His attention drawn to the silver treasure, the viletooth lizardman Dorman was taken aback, when he found that many of the coins became incorporeal, slipping through his fingertips.Those coins that remained held an electrical charge. The shock was uncomfortable, but did no apparent damage. Examining the chest in closer detail, Dorman found a false bottom concealing a pair of gloves, some scraps of parchment, and an unusual metal wand.

“Seek the golden tome and the pouch shaped in the form of a hand” the undead shrunken head Meir had whispered, echoing the words of the coral princess.

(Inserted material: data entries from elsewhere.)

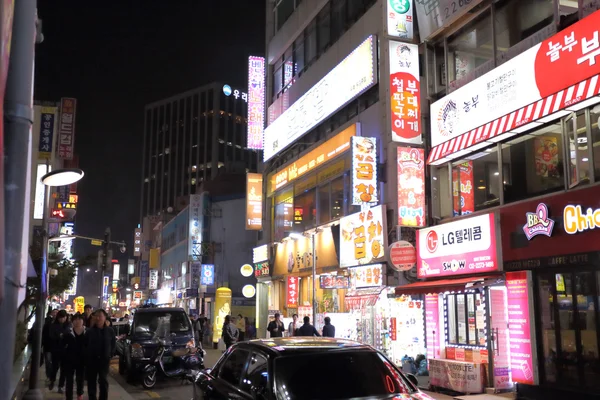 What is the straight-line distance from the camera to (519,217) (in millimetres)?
13812

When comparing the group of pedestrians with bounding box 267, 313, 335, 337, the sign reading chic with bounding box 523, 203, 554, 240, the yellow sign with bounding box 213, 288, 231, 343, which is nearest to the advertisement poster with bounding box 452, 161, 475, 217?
the sign reading chic with bounding box 523, 203, 554, 240

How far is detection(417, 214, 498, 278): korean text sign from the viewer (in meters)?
14.4

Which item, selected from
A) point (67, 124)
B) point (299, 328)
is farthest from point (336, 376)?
point (67, 124)

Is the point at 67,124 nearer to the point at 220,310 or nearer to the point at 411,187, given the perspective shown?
the point at 220,310

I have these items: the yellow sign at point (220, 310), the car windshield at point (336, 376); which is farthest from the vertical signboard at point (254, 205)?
the car windshield at point (336, 376)

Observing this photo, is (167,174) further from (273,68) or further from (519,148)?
(519,148)

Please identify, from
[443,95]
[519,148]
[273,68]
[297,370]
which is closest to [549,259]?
[519,148]

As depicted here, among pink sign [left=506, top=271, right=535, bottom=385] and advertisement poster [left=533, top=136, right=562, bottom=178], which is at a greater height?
advertisement poster [left=533, top=136, right=562, bottom=178]

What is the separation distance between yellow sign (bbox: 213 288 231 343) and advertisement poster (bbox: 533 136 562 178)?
2348 centimetres

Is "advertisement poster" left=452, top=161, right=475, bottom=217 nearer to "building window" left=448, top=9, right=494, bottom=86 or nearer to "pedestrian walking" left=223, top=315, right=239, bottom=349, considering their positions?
"building window" left=448, top=9, right=494, bottom=86

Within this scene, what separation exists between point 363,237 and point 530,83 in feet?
26.3

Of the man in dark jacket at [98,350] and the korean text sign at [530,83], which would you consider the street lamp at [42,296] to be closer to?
the man in dark jacket at [98,350]

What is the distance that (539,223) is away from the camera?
1292cm

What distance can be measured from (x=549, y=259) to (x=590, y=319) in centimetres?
146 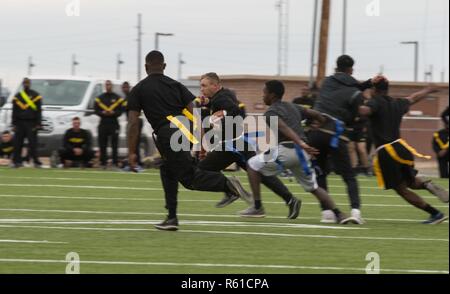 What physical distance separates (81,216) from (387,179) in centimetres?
378

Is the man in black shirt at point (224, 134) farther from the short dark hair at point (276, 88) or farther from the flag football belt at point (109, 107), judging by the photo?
the flag football belt at point (109, 107)

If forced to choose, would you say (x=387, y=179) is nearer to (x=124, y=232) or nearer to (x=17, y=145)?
(x=124, y=232)

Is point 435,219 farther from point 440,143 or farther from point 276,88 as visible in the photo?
point 440,143

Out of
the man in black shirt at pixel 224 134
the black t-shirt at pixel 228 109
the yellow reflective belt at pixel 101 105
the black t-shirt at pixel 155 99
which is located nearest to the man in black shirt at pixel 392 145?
the man in black shirt at pixel 224 134

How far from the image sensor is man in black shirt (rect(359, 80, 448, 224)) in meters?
14.3

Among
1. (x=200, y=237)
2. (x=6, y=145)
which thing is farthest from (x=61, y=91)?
(x=200, y=237)

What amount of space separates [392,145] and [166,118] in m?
3.10

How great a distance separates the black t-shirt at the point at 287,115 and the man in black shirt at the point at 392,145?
91 centimetres

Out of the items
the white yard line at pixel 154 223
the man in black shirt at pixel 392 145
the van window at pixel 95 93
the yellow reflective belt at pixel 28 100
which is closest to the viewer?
the white yard line at pixel 154 223

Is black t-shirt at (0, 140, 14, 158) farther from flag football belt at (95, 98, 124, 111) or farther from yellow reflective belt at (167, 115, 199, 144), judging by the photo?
yellow reflective belt at (167, 115, 199, 144)

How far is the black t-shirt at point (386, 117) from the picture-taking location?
1427cm

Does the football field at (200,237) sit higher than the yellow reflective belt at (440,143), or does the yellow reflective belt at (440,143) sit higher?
the football field at (200,237)

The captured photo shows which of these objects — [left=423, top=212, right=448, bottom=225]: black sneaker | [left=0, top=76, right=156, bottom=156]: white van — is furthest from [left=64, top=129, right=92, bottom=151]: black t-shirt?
[left=423, top=212, right=448, bottom=225]: black sneaker

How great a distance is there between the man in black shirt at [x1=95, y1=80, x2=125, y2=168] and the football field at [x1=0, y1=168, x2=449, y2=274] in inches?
234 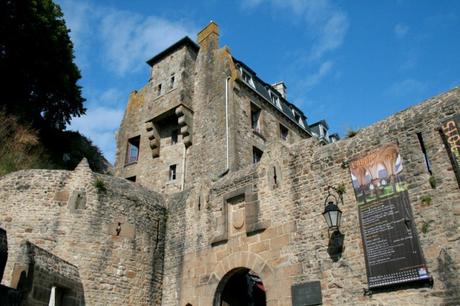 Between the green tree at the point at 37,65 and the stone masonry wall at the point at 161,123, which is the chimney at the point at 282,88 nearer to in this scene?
the stone masonry wall at the point at 161,123

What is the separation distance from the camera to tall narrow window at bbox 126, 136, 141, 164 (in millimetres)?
22013

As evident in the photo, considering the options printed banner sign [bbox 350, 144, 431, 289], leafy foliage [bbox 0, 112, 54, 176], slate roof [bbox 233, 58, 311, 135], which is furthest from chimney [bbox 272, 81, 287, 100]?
printed banner sign [bbox 350, 144, 431, 289]

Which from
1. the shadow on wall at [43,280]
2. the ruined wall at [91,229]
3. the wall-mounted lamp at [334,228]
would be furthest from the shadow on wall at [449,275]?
the ruined wall at [91,229]

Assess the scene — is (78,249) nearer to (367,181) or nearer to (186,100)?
(367,181)

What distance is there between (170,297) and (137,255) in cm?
160

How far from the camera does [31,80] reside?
20625 mm

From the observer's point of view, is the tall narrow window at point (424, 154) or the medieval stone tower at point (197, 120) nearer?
the tall narrow window at point (424, 154)

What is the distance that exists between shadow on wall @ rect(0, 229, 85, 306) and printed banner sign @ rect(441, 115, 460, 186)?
8322mm

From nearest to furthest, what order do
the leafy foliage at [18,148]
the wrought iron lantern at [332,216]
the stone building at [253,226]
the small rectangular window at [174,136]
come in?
the stone building at [253,226], the wrought iron lantern at [332,216], the leafy foliage at [18,148], the small rectangular window at [174,136]

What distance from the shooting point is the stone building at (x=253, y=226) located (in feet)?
26.6

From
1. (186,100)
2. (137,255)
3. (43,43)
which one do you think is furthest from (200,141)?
(43,43)

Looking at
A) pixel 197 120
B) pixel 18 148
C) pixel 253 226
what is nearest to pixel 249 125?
pixel 197 120

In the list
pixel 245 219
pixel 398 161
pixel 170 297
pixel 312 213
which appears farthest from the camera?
pixel 170 297

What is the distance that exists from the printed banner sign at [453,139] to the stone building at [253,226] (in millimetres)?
26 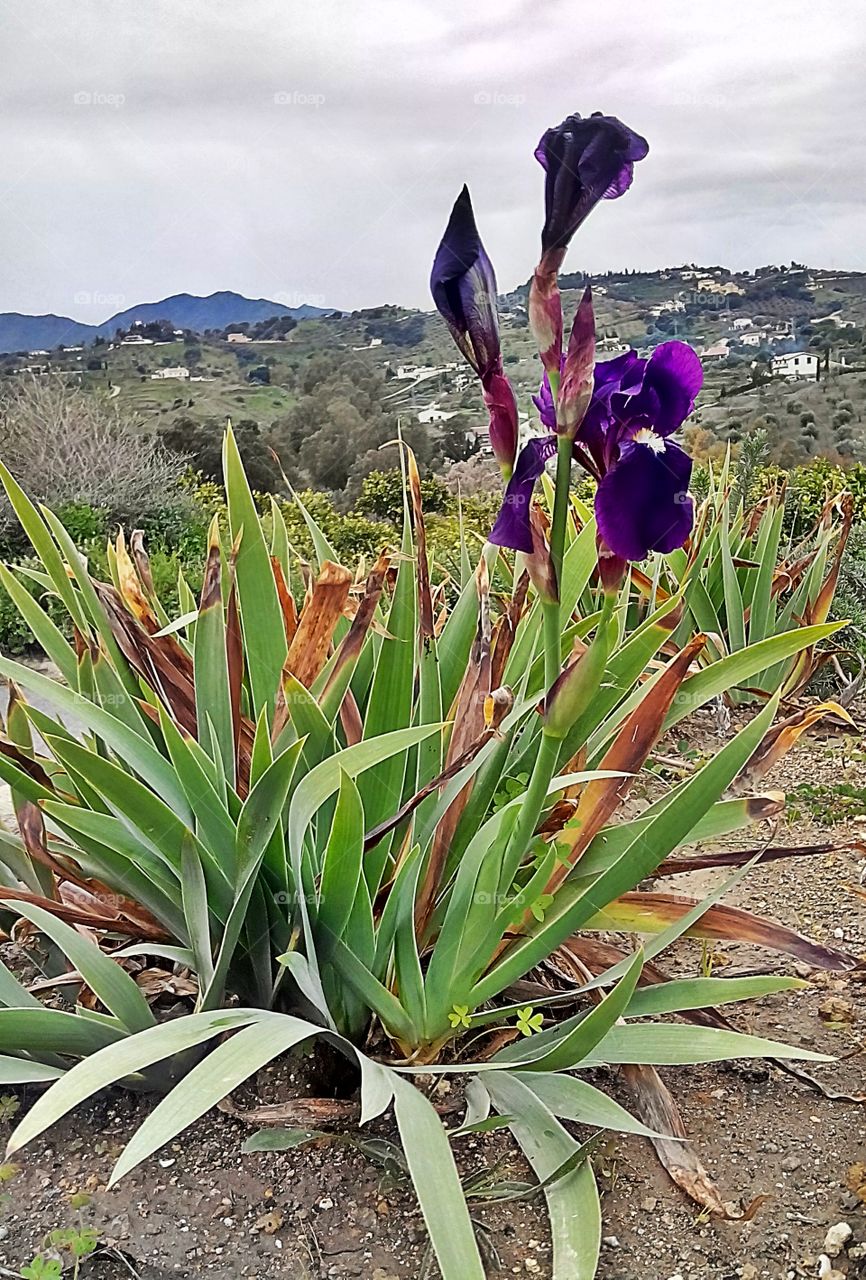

Both gloves, NeeKaa discovered, were fashioned of pale skin and contained drawstrings in the manner of a pouch. Within one glove, an assortment of glass tiles were found. Each tile was colored either red, yellow, or blue and held a unique rune. Touching but a single tile, NeeKaa knew the tiles, used together, comprised the third Dreamer’s Journal.

Biding his time as NeeKaa examined the tiles, Noi examined six glass globes floating in a darkened corner of the rust-streaked chamber. The glass globes appear mundane in nature, save for one which seemed hollow and held a sprig of seaweed and a small red shrimp within crystal waters.

Without warning, a lone lacedon entered through the sole metal door, which Sakura noticed no longer radiated heat. Without speaking a word and uninterested in the party, the sea ghoul made fast for the pile of silver coins. Grasping a handful of coins in its withered grip, the creature vanished without a trace.

As if prompted by the strange disappearance, dozens of golden jellyfish swarmed through the open hatchway, forcing the party to retreat into the second chamber. The ephyra Phreb found their melodious droning made concentration difficult. When a single jellyfish brushed against him, the jellyfish merman heard their shared song, saw the image of a city with towering spires in his mind, and felt a warmth within.

Unleashing her blackwater weaponry, the sea elf ninja Sakura was satisfied when the blackskate chain whip responded eagerly. At that moment a voice audible to only Sakura and Neekaa whispered "Find me”. Sakura felt the disorienting pull of blackwater towards the center of the vessel.

The second chamber was rectangular in shape and roughly half the size of the previous room. There were several white fish, here, each with a whip-like tail. Serpent sea stars clung to the rusted walls. Bits of metal littered the floor. There are doors on either side of the far walls. A rectangular section, also holding a door, protruded from the far wall.